In conclusion, Drell–Yan processes are very efficient to constrain the semileptonic operators contributing at tree-level to \(\Upsilon \rightarrow \ell _i\ell _j\), but there are additional contributions to these decays at tree- and loop-level which are not negligible and that therefore need to be precisely assessed. Similar conclusions apply to LFV decays of the \(\phi \) and \(J/\psi \) mesons. The way out consists of a combined fit of the LHC constraints with the experimental limits on the processes \(Z\rightarrow \ell _i \ell _j\) and \(\ell _i \rightarrow \ell _j \ell _k \ell _k\) with \(i>j\ge k\), which would allow us to apply the same procedure described in Sect. 4 to these processes, as suggested by the above exercise with selected operators. Such an extended analysis lies beyond the scope of the present letter.

6 Summary and outlook

In this letter, we revisited the constraints on LFV meson decays by using LHC data on the Drell–Yan processes \(pp\rightarrow \ell _i\ell _j\) (with \(i\ne j\)) at high-\(p_T\). By relying on the EFT approach, we have shown that it is possible to derive upper bounds on such processes in a model-independent way by marginalizing over the complete set of SM EFT operators compatible with such LHC bounds. In particular, this optimization problem can be reduced to an eigenvalue problem that can be solved analytically, provided a single bin at large di-lepton invariant-mass is considered for the LHC data.
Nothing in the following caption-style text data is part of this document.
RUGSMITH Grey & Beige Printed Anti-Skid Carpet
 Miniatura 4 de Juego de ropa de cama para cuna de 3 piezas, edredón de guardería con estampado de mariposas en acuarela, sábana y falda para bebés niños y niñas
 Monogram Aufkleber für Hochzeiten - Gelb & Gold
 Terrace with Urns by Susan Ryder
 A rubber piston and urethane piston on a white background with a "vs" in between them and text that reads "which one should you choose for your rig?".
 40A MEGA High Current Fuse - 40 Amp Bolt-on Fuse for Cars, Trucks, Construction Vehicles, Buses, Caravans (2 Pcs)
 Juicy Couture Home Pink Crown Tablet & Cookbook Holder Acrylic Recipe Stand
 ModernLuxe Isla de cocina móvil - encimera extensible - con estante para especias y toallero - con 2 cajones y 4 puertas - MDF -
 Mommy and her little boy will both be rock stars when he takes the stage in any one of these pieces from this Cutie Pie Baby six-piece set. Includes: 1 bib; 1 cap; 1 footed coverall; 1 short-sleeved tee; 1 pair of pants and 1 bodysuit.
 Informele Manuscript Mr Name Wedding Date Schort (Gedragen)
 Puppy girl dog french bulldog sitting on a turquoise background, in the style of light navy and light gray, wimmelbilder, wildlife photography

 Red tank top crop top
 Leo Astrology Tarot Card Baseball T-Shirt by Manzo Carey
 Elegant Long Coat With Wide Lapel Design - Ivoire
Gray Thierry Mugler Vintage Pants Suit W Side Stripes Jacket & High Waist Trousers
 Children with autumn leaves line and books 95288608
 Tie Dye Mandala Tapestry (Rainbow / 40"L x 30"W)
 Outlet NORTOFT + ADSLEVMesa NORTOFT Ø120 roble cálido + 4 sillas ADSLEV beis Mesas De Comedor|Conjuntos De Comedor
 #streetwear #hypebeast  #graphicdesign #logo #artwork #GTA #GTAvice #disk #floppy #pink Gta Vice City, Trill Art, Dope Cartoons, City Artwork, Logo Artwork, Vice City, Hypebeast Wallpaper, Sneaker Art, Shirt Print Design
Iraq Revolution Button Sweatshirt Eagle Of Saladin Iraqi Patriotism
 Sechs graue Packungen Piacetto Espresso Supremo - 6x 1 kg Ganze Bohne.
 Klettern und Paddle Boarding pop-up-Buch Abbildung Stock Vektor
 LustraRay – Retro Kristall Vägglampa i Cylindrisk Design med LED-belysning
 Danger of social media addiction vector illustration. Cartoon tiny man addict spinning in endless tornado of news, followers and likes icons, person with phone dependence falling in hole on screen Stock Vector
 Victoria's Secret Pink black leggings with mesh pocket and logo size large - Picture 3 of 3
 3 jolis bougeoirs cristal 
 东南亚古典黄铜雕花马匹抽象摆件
As an illustration of this approach, we have derived indirect limits on \(B_{(s)}\)-meson LFV decays based on the transitions \(b\rightarrow d \tau \ell \) and \(b\rightarrow s \tau \ell \), with \(\ell =e,\mu \). We find that our upper limits on the decays \(B\rightarrow \pi e \tau \) and \(B\rightarrow \pi \mu \tau \) are already competitive with the current limits from the B-factories and that the expected sensitivity at the HL-LHC will supersede them. Furthermore, we have derived constraints of the order of \(10^{-4}\) on other LFV decays that have not been searched yet experimentally, such as \(B\rightarrow \rho \tau \ell \), \(B_s\rightarrow K \tau \ell \) and \(B_s\rightarrow \phi \tau \ell \), among others. Lastly, using the same approach, we show that the branching fractions of the charmed-meson decay \(D^0\rightarrow e \tau \) must be smaller than around \(10^{-7}\), for which there is not a direct experimental search yet.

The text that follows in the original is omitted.